## [Assignment]
Each line from the one containing "image 6 of 9" through the end of the data must be retyped exactly, and no other line.

## [Data for the task]

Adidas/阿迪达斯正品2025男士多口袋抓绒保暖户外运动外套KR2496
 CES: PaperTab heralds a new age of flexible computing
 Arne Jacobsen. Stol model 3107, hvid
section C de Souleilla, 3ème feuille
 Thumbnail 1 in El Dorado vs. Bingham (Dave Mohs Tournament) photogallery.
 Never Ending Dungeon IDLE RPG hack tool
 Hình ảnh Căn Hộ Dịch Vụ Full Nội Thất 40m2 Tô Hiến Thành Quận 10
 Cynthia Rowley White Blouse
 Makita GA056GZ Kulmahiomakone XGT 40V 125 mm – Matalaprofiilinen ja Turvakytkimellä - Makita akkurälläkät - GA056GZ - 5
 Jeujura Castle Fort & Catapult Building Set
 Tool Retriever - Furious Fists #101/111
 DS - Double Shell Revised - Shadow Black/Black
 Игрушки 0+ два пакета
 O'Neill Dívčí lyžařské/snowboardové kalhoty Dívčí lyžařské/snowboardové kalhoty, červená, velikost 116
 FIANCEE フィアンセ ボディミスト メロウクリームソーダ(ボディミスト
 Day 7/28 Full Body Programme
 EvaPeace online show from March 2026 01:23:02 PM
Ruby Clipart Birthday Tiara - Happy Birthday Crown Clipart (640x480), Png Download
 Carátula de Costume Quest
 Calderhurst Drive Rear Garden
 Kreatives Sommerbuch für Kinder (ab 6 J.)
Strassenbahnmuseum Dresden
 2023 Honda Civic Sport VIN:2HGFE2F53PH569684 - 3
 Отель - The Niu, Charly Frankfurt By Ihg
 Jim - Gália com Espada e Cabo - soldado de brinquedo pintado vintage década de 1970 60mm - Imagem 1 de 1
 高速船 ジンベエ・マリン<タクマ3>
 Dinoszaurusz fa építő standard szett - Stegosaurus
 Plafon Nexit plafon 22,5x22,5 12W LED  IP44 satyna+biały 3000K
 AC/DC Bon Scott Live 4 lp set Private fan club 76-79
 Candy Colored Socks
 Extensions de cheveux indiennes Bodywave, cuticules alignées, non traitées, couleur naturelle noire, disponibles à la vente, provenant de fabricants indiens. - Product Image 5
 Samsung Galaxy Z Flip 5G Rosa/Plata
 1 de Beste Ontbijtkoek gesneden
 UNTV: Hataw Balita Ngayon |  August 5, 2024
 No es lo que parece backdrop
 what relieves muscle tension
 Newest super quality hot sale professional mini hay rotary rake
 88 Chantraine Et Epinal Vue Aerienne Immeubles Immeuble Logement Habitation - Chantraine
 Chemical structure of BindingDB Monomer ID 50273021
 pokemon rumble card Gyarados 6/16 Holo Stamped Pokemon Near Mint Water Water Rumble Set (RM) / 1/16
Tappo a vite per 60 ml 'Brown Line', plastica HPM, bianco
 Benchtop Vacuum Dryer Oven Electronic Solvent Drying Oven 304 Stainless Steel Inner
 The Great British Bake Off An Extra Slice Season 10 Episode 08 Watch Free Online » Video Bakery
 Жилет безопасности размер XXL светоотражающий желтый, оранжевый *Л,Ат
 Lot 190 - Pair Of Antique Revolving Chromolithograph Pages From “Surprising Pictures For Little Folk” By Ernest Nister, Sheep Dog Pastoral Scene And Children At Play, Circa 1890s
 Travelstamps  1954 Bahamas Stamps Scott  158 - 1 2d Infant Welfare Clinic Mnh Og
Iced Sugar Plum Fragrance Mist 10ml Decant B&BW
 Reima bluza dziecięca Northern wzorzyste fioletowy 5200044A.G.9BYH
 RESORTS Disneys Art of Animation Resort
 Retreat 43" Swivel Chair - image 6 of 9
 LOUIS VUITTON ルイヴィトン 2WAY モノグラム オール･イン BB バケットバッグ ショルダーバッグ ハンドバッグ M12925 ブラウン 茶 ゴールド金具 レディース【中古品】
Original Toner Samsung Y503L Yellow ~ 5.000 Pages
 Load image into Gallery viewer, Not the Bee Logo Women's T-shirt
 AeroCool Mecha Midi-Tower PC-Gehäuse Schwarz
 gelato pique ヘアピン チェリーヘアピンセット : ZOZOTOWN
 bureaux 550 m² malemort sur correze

## [Written solution]
 Retreat 43" Swivel Chair - image 6 of 9
 LOUIS VUITTON ルイヴィトン 2WAY モノグラム オール･イン BB バケットバッグ ショルダーバッグ ハンドバッグ M12925 ブラウン 茶 ゴールド金具 レディース【中古品】
Original Toner Samsung Y503L Yellow ~ 5.000 Pages
 Load image into Gallery viewer, Not the Bee Logo Women's T-shirt
 AeroCool Mecha Midi-Tower PC-Gehäuse Schwarz
 gelato pique ヘアピン チェリーヘアピンセット : ZOZOTOWN
 bureaux 550 m² malemort sur correze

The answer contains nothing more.